2.5. Voorts heeft de rechtbank terecht geoordeeld dat geen binnenplanse vrijstelling kan worden verleend reeds omdat het bouwplan in strijd is met het bepaalde in artikel 4, tweede lid, aanhef en onder a. en c. van de Erfbebouwingsregeling.
2.6. Gelet op het vorenstaande is de Afdeling van oordeel dat het college de gevraagde vergunning terecht, overeenkomstig artikel 44, eerste lid, aanhef en onder c, van de Woningwet, alsnog bij de beslissing op bezwaar heeft geweigerd.
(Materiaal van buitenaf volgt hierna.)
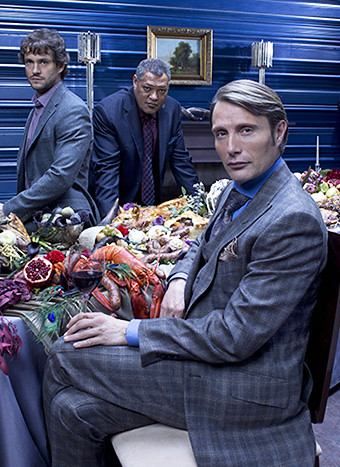 O elenco principal de "Hannibal"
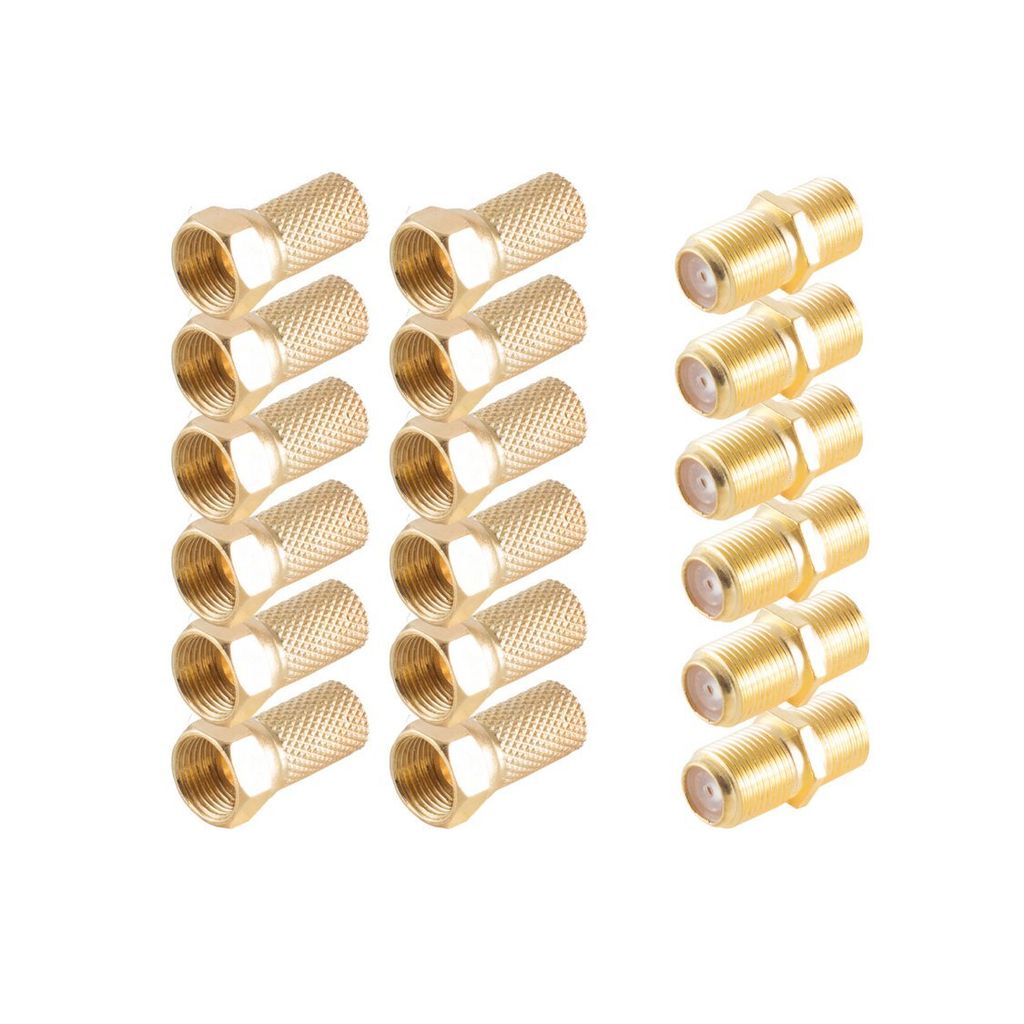 shiverpeaks BS15-300014, F-Typu, F, F, Złoto, 6,7 mm, 18 Zdjęcie produktu 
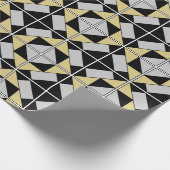 古代セメントタイルパターン、ヴィンテージ ラッピングペーパー (角)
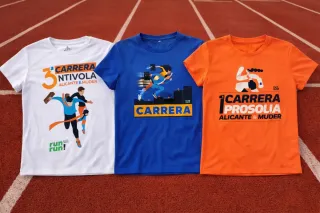 Lote 3 Camisetas Running Talla S Nuevas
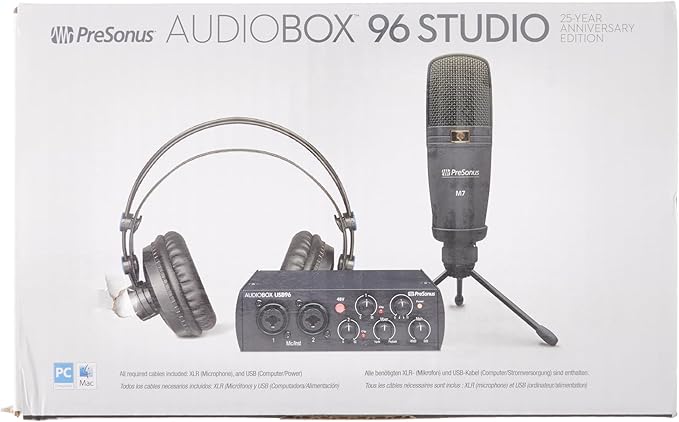 PreSonus AudioBox USB 96 Studio with Studio One Pro Software
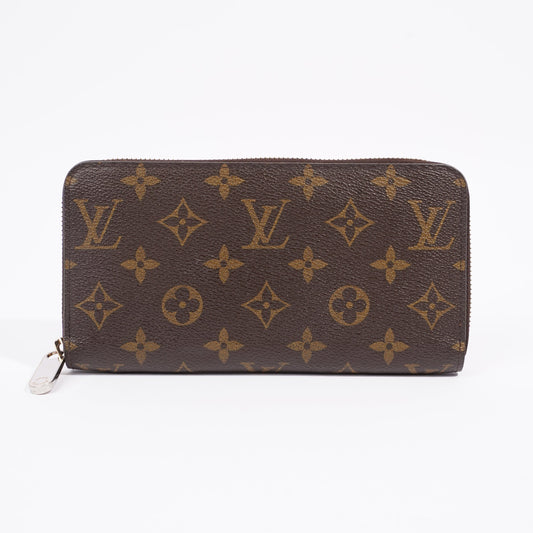 Louis Vuitton Monogram Zippy Wallet Brown Monogram Canvas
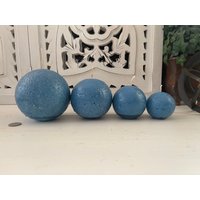 Satz Von 4 Blaue Kugel | Ball Kerzen Satz Von 4 Blaue Kugel | Ball Kerzen von CandleInTheDesert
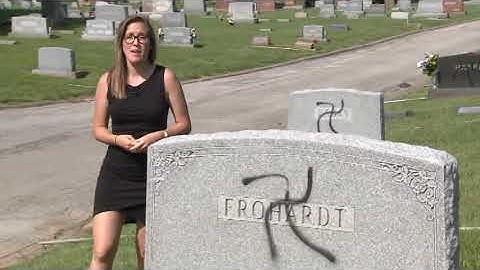 200 headstones vandalized with Swastika graffiti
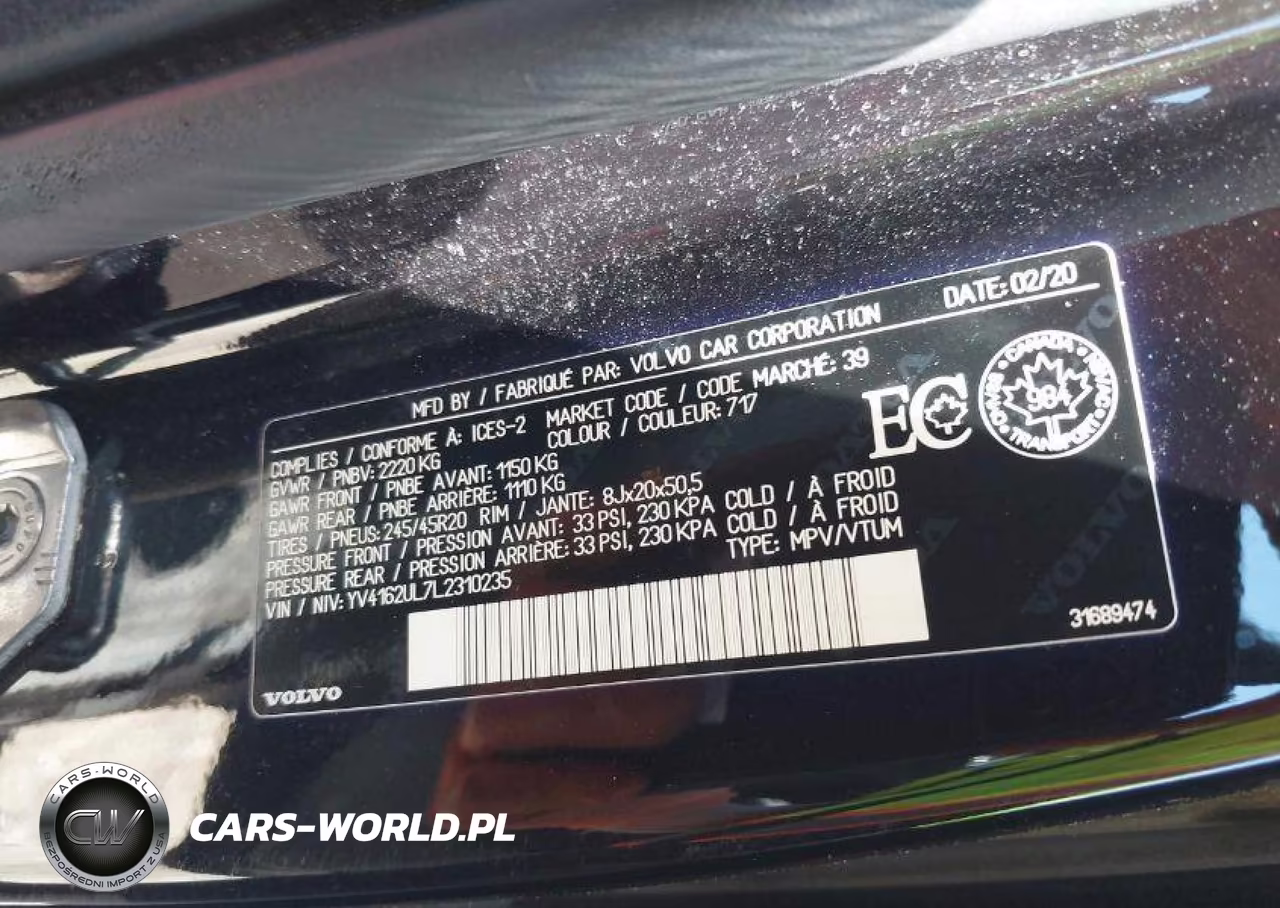 2020 Volvo Xc40 T5 Inscription VIN:YV4162UL7L2310235 - 10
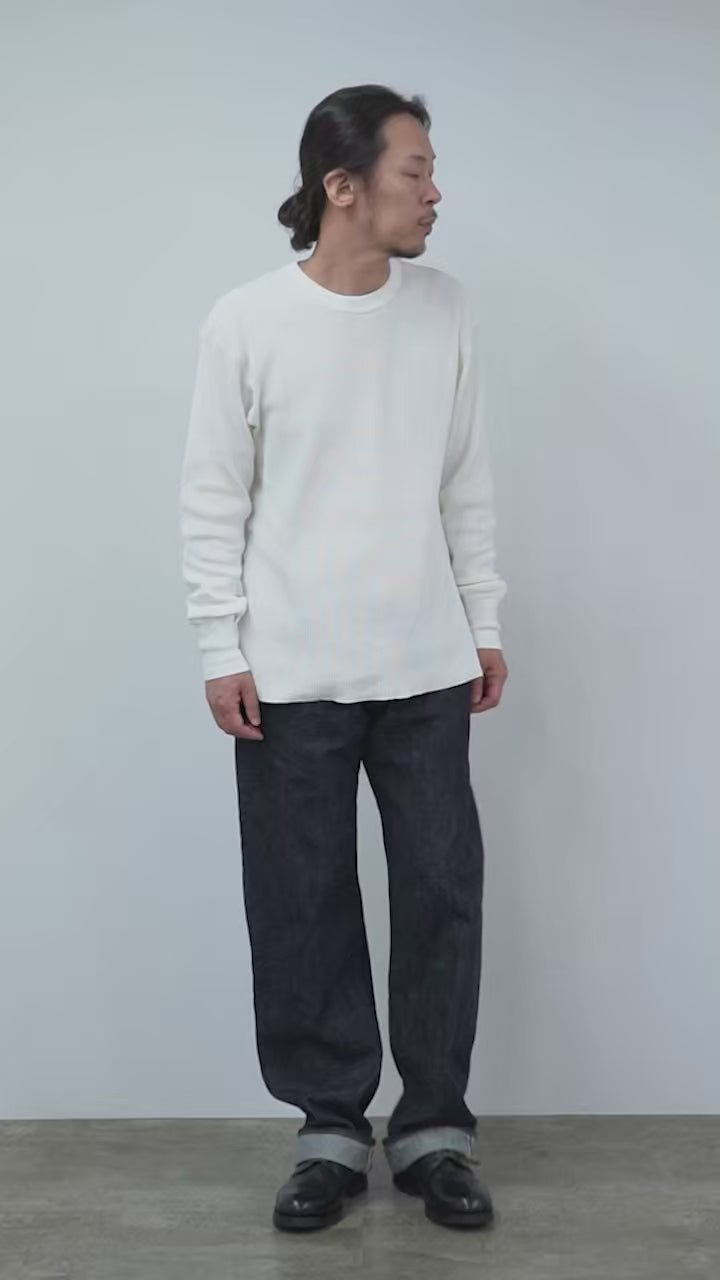 HEALTHKNIT（ヘルスニット） サーマルキングワッフル クルーネック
De rechtbank is tot dezelfde slotsom gekomen.
2.7. Aan dit oordeel doet niet af hetgeen door appellant is gesteld omtrent de met zijn buurman [partij] gemaakte afspraak over intrekking van zijn bezwaarschrift. Nog daargelaten dat de afspraak door [partij] is ontkend, betreft het geen omstandigheid die voor het college reden had moeten zijn vrijstelling te verlenen. De rechtbank heeft overigens terecht geoordeeld dat appellant door de berging/carport te realiseren voordat de bij het primaire besluit verleende bouwvergunning onherroepelijk was geworden een risico heeft genomen.
2.8. Het hoger beroep is ongegrond. De aangevallen uitspraak dient te worden bevestigd.
2.9. Voor een proceskostenveroordeling bestaat geen aanleiding.
De Afdeling bestuursrechtspraak van de Raad van State
Recht doende in naam der Koningin:
bevestigt de aangevallen uitspraak.
Aldus vastgesteld door mr. B.J. van Ettekoven, Lid van de enkelvoudige kamer, in tegenwoordigheid van mr. G.A.A.M. Boot, ambtenaar van Staat.